**About this task:**
Print the first line of the records below and every line after it, up to and including the line with "New & Tokunbo Avail". Print nothing else.

**Records for the task:**

--- START ---

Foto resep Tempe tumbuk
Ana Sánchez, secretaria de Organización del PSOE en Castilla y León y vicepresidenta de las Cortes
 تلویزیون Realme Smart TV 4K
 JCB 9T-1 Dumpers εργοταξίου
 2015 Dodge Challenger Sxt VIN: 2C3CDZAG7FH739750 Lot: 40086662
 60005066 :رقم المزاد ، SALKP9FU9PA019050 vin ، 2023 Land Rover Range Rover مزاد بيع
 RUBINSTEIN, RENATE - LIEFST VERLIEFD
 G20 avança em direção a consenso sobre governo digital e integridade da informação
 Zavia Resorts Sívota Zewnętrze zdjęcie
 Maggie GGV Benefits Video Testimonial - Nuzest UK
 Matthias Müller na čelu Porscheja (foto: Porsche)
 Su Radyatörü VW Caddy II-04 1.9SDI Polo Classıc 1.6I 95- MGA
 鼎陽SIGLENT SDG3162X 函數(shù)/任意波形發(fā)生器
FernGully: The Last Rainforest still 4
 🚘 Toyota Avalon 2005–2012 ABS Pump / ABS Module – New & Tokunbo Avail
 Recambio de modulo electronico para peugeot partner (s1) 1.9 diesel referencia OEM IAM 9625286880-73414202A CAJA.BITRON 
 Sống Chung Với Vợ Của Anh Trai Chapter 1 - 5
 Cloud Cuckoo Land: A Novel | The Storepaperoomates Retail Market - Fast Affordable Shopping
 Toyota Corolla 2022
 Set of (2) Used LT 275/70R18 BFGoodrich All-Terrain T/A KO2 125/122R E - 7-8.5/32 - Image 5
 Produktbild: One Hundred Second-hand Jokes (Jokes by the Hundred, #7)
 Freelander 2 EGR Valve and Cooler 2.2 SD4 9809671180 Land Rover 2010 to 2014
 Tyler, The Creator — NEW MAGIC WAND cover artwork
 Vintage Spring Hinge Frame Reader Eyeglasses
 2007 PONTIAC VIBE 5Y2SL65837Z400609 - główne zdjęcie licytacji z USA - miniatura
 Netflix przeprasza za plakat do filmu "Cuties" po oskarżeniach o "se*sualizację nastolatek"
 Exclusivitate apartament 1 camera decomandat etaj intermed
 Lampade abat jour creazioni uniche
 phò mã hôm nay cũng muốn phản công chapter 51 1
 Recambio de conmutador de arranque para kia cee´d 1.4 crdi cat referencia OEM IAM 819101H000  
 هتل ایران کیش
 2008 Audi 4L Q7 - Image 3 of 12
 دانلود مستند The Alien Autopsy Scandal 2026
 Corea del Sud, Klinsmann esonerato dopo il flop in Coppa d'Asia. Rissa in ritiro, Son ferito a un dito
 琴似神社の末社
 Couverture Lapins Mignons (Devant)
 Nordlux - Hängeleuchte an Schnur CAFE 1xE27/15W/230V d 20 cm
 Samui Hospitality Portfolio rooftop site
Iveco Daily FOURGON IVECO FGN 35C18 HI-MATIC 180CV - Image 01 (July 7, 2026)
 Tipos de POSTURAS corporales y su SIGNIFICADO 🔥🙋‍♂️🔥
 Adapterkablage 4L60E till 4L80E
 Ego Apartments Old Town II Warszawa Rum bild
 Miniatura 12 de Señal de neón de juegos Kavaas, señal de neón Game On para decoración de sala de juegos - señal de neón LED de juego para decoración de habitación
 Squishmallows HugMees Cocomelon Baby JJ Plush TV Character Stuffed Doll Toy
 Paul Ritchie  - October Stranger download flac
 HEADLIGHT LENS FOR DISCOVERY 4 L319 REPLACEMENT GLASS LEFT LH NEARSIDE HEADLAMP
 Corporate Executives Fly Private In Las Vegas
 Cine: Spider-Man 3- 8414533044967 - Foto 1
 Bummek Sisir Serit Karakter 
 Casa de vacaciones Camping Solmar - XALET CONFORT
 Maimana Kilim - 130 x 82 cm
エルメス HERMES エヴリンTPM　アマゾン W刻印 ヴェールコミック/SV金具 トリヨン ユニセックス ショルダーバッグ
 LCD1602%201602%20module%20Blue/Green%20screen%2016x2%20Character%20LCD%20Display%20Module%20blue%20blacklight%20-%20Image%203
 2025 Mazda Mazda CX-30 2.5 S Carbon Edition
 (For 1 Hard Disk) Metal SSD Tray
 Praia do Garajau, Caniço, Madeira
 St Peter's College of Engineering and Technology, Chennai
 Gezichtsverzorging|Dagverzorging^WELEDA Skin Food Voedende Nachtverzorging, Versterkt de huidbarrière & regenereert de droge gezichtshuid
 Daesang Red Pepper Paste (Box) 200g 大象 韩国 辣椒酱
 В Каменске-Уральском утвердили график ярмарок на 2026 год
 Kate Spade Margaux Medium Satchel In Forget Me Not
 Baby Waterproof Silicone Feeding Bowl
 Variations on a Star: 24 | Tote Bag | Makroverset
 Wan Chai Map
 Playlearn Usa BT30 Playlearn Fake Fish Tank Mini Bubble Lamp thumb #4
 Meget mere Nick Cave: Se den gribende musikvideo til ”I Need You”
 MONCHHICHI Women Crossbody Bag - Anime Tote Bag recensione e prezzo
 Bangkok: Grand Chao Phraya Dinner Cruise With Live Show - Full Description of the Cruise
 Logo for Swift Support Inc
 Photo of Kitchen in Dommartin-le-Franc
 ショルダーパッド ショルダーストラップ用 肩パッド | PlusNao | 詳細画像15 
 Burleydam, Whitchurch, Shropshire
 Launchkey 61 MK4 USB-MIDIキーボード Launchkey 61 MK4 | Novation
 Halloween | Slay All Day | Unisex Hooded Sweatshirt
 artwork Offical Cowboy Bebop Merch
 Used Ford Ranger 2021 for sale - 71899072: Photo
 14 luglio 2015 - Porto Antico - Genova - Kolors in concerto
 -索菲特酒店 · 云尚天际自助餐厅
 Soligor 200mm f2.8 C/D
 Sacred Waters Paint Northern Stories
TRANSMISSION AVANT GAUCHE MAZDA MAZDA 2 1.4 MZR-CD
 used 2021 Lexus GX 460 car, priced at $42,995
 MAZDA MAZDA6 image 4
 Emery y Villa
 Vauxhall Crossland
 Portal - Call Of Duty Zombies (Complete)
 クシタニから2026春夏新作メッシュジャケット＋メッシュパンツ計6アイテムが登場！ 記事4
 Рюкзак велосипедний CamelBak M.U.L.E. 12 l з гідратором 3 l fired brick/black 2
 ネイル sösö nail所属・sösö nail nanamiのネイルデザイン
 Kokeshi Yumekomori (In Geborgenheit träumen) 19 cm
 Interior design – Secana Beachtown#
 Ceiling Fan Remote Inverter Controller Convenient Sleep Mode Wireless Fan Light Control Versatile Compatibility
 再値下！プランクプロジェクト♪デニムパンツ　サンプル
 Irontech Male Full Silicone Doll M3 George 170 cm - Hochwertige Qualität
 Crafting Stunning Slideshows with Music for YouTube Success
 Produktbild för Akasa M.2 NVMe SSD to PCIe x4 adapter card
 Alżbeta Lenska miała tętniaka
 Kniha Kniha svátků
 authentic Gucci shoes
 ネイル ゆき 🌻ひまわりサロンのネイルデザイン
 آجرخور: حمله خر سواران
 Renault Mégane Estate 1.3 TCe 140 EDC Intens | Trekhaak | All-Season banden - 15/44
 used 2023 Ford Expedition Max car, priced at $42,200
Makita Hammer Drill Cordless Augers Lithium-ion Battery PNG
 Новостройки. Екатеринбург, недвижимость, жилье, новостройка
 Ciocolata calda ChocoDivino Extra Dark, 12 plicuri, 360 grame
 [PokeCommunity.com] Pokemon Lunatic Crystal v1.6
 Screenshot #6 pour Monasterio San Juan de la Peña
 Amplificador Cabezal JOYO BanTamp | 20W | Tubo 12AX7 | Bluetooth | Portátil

--- END ---

**Your solution:**
Foto resep Tempe tumbuk
Ana Sánchez, secretaria de Organización del PSOE en Castilla y León y vicepresidenta de las Cortes
 تلویزیون Realme Smart TV 4K
 JCB 9T-1 Dumpers εργοταξίου
 2015 Dodge Challenger Sxt VIN: 2C3CDZAG7FH739750 Lot: 40086662
 60005066 :رقم المزاد ، SALKP9FU9PA019050 vin ، 2023 Land Rover Range Rover مزاد بيع
 RUBINSTEIN, RENATE - LIEFST VERLIEFD
 G20 avança em direção a consenso sobre governo digital e integridade da informação
 Zavia Resorts Sívota Zewnętrze zdjęcie
 Maggie GGV Benefits Video Testimonial - Nuzest UK
 Matthias Müller na čelu Porscheja (foto: Porsche)
 Su Radyatörü VW Caddy II-04 1.9SDI Polo Classıc 1.6I 95- MGA
 鼎陽SIGLENT SDG3162X 函數(shù)/任意波形發(fā)生器
FernGully: The Last Rainforest still 4
 🚘 Toyota Avalon 2005–2012 ABS Pump / ABS Module – New & Tokunbo Avail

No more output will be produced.